Sebas lo vio alejarse y blanqueó los ojos, sabía que tendría problemas pronto, pero no se arrepentía de haberle dado una lección a un abusivo.
—¡Te la rifaste, Sebas! —opinó emocionado el chaparrito junto a él.
Entonces, Sebastián se acercó a Ivonne, quien lo miraba perpleja, y notó que tenía raspada una de sus rodillas.
—Vamos con la trabajadora social para que te cures eso —más que una sugerencia, parecía una instrucción—. Tiene un botiquín médico.
—P-pero tú… Te vas a meter en problemas… —Ivonne se preocupó por él, sintiéndose responsable de lo que había pasado.
—Eso da igual, tenía tiempo que quería romperle la nariz — aseguró él —. Es mejor que vaya de una vez si de todas formas mandarán a llamarme, sirve que vas conmigo y exhibes también lo que te hizo, así por lo menos no seré el único castigado.

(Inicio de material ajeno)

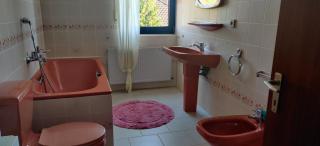 Ferienhaus mit Kamin nahe beheiztem am Waldschwimmbad - - 2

Ivonne asintió con la cabeza, y cuando se dispuso a caminar, su tobillo dolió demasiado, tanto que casi se cae nuevamente, pero Sebastián la sujetó del brazo para equilibrarla.
—Agárrate de mí, vamos — Indicó él, ofreciendo su hombro para que se apoyara.
Sebastián no sólo la había defendido de Juan, sino que también había sido muy amable con ella al llevarla a la oficina de la trabajadora social, y no tener que ir sola con el coraje y el dolor de su pierna la alegraba. Fue debido a ese buen acto que ella se enamoró del chico.
No podía dejar de pensar en él, ni evitar mirarlo durante las clases, incluso lo seguía en los recesos. Pero no le hablaba. No se atrevía a siquiera a acercarse a él de nuevo. Se sentía avergonzada por los constantes adjetivos que acostumbraba a escuchar, y se preguntaba si él también la veía así, como una “gorda ridícula”.